Activity:
Where a picture shows up in the listing below, omit it and output the rest exactly.

Dataset section:
=== Begin Enclosure ===

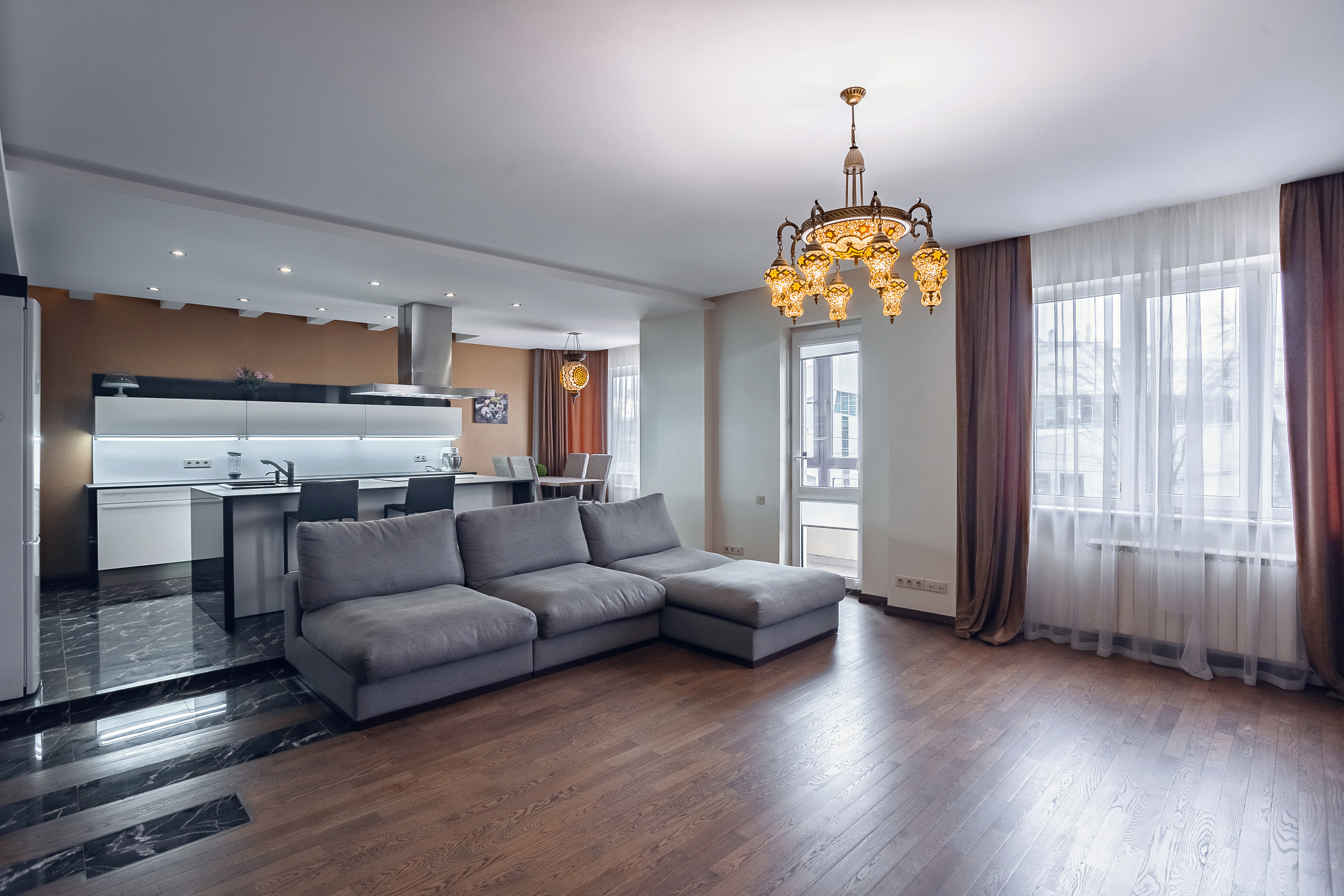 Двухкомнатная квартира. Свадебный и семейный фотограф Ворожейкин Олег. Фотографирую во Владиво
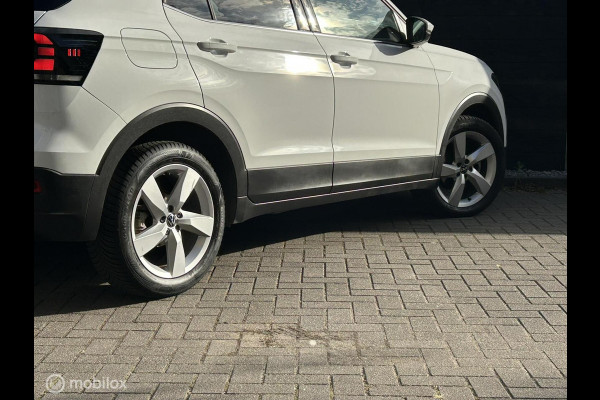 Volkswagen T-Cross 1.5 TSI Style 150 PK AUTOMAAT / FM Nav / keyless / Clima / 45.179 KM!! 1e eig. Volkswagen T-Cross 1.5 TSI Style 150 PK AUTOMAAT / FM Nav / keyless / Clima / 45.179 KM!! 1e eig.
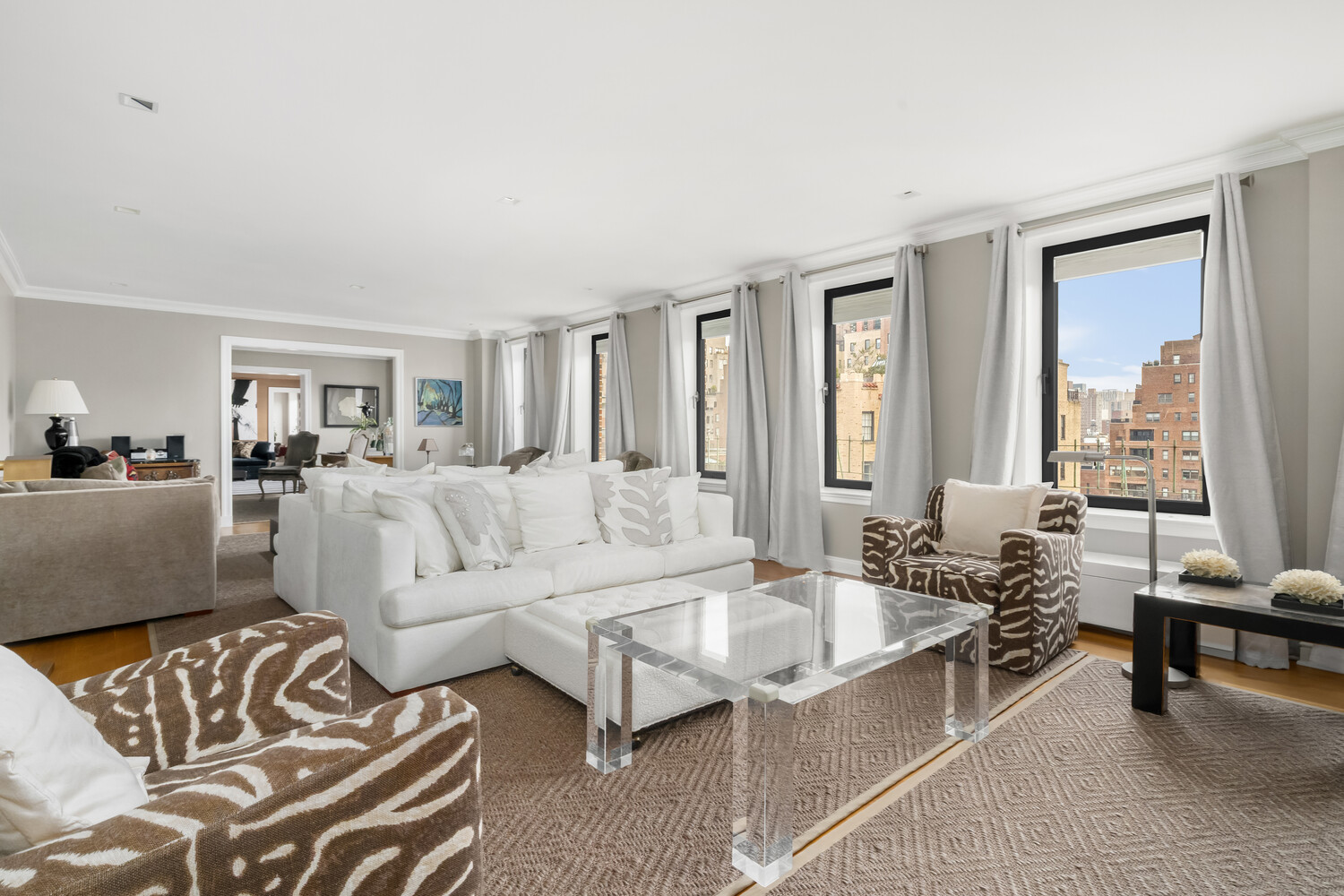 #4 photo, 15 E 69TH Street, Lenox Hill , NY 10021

=== End Enclosure ===

Response box:
 Двухкомнатная квартира. Свадебный и семейный фотограф Ворожейкин Олег. Фотографирую во Владиво
 Volkswagen T-Cross 1.5 TSI Style 150 PK AUTOMAAT / FM Nav / keyless / Clima / 45.179 KM!! 1e eig. Volkswagen T-Cross 1.5 TSI Style 150 PK AUTOMAAT / FM Nav / keyless / Clima / 45.179 KM!! 1e eig.
 #4 photo, 15 E 69TH Street, Lenox Hill , NY 10021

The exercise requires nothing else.